Kron­prinz Naru­hi­to wird vor­aus­sicht­lich Anfang 2019 sei­nen abdan­ken­den Vater, Ten­nō Aki­hi­to, beer­ben (Asi­en­spie­gel berich­te­te). Seit dies bekannt ist, schau­en die Medi­en genau­er auf das Ver­hal­ten des 57-Jäh­ri­gen. Und schon früh hat er ange­kün­digt, den Stil sei­nes Vaters wei­ter­füh­ren zu wol­len (Asi­en­spie­gel berich­te­te). Er möch­te ein nah­ba­rer Kai­ser werden. 

Dass er mit der Zeit geht und sich offen für die neu­en Gewohn­hei­ten der digi­ta­li­sier­ten Welt zeigt, beweist er schon heu­te. So sah man ihn im April auf einem Sel­fie mit Malay­si­as Pre­mier­mi­nis­ter Najib Razak. Es han­del­te sich in die­ser Form wohl um eine Pre­mie­re für das Kaiserhaus. 

Dass dies kein Aus­rut­scher war, bewies Kron­prinz Naru­hi­to die­se Woche bei sei­nem Besuch in Kopen­ha­gen. Bei einem Spa­zier­gang posier­te er lächelnd mit einem Dänen und des­sen Sohn für ein Sel­fie. Ganz all­ge­mein gab er sich zugäng­lich, schüt­tel­te Hän­de und sprach mit Passanten.

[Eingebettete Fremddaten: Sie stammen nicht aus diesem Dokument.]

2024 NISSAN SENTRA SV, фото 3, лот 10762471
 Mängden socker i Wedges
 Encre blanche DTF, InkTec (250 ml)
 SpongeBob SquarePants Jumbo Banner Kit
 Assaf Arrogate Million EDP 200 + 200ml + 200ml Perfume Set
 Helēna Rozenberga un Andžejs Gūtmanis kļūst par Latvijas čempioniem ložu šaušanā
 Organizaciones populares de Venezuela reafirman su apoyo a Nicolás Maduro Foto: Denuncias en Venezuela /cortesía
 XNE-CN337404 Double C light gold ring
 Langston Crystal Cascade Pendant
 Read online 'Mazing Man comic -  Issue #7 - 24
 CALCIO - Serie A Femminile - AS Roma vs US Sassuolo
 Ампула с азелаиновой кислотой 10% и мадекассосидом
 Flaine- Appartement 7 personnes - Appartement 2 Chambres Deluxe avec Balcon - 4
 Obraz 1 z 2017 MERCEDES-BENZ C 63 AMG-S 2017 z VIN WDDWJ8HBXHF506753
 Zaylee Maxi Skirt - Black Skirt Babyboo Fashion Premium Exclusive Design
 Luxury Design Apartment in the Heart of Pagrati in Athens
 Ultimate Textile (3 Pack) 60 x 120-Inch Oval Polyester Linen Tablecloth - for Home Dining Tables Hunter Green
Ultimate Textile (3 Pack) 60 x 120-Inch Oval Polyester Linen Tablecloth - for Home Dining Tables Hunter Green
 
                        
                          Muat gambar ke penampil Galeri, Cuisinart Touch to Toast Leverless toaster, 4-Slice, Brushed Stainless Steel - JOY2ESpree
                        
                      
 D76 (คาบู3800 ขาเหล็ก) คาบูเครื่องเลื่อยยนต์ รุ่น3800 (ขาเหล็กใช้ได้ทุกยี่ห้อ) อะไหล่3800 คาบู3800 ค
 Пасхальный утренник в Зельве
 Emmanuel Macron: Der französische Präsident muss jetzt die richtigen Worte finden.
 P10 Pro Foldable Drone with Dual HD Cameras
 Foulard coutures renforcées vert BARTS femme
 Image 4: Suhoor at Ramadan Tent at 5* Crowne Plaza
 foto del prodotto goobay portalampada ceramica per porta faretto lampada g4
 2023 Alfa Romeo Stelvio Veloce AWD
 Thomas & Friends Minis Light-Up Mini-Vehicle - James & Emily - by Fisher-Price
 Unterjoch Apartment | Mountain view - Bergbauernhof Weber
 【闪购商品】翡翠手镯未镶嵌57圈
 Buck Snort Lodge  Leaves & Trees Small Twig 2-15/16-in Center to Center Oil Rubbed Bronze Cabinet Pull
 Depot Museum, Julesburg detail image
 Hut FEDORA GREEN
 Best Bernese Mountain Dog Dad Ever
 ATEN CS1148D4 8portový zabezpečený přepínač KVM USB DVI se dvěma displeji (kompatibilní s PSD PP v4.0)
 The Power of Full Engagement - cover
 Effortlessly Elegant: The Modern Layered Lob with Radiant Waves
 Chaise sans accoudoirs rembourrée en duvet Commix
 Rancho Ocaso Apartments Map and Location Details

Naru­hi­to mar­kiert damit eine neue Offen­heit des Kai­ser­hau­ses. Denn es ist nicht lan­ge her, da lös­te bereits ein auf Twit­ter hoch­ge­la­de­ner Schnapp­schuss des der­zei­ti­gen Kai­ser­paa­res eine Dis­kus­si­on aus (Asi­en­spie­gel berich­te­te). Die­se Zei­ten schei­nen end­gül­tig vor­bei zu sein.